Researcher Piotr Mydel says, "We discovered DNA-based proof that the bacteria causing gingivitis can move from the mouth to the brain." Though this bacteria does not cause Alzheimer’s directly, it does produce a protein that destroys nerve cells in the brain. The result is memory loss and ultimately, Alzheimer’s.
Mydel and his colleagues examined 53 people with Alzheimers and found the nerve cell-killing enzyme in 96% of the subjects. The researchers have developed a drug that can postpone the onset of the disease by blocking the harmful enzyme. Mydel also urges people to brush and floss regularly. He says this is especially important if you already have gingivitis and have a family history of Alzheimer’s.
Fighting crime with pollen
If you have allergies, pollen can be a problem. For an interdisciplinary team of researchers at Arizona State University (ASU), pollen is the solution. Anthony Grubesic, director of the Center for Spatial Reasoning and Policy Analytics is leading an effort to use forensic palynology (the study of pollen, spores, and other microscopic plant bodies) to improve the US government’s ability to track criminals and their weapons.
Pollen is everywhere, and its distribution is predictable. That makes it a useful biomarker. Palynology has been used to link the movements of bodies in mass graves in Bosnia. It’s been used by law enforcement agencies to aid in solving crimes like forgery, rape, homicide, and arson.

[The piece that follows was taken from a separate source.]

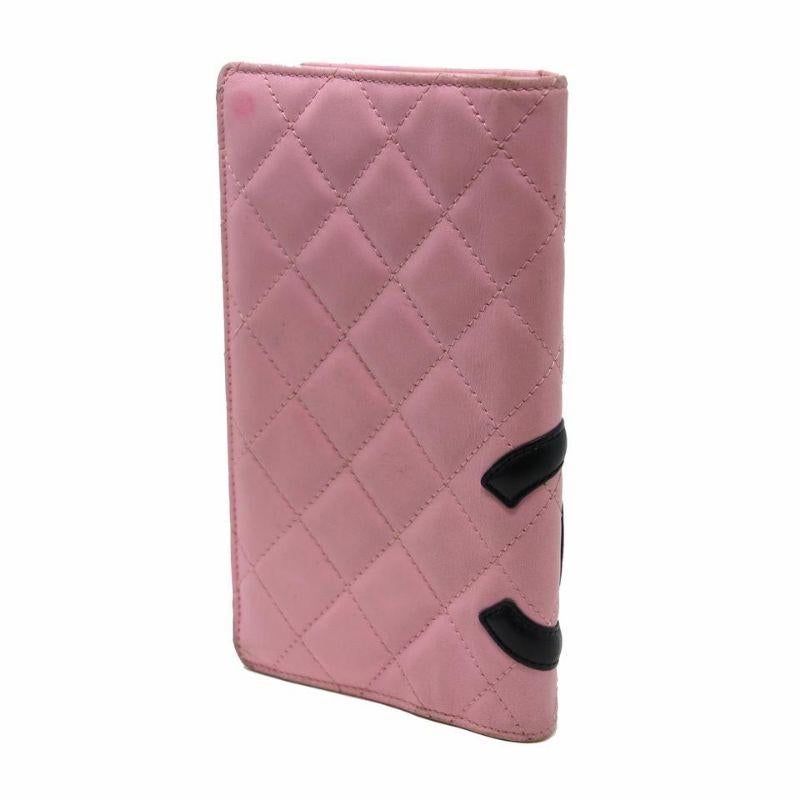 Chanel Cambon Long Lambskin Wallet CC-1104p-0002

The ASU researchers believe that pollen can also help determine the origin and movement of papers, computers, and even weapons of mass destruction. During the 5-year project, Grubesic and his team will work to find ways of using pollen’s distinctive genetic signatures to track the origins of improvised explosive devices (IEDs) and other activities.
A cat’s eye view
It’s believed that cats have lived with people for at least 12,000 years. Today we share our homes with them, feed them, scoop their litter boxes, and sometimes wonder if they might be plotting to kill us.
When Maren Huck’s cat, Treacle, brought home a dead merlin (a type of falcon), she wondered how the cat was able to catch it. Huck, a behavioral ecologist at the University of Derby, attached a small video camera to her kitty and began to track its movements. After collecting footage for six months, she decided to make the study more formal.
They were surprised to find that cats aren’t as lazy as we think. When outside, they were very alert, sometimes scanning their surroundings continually for more than a half-hour. When two cats met, they would often size each other up for the same amount of time before briefly touching noses. When at home, the cats spent a surprising amount of time following their humans around.
Huck believes the study could inform the debate around whether domestic cats should be kept indoors all the time. Tracking their activity would help owners understand if their pets need more things to do while indoors, or if they could use some outside time.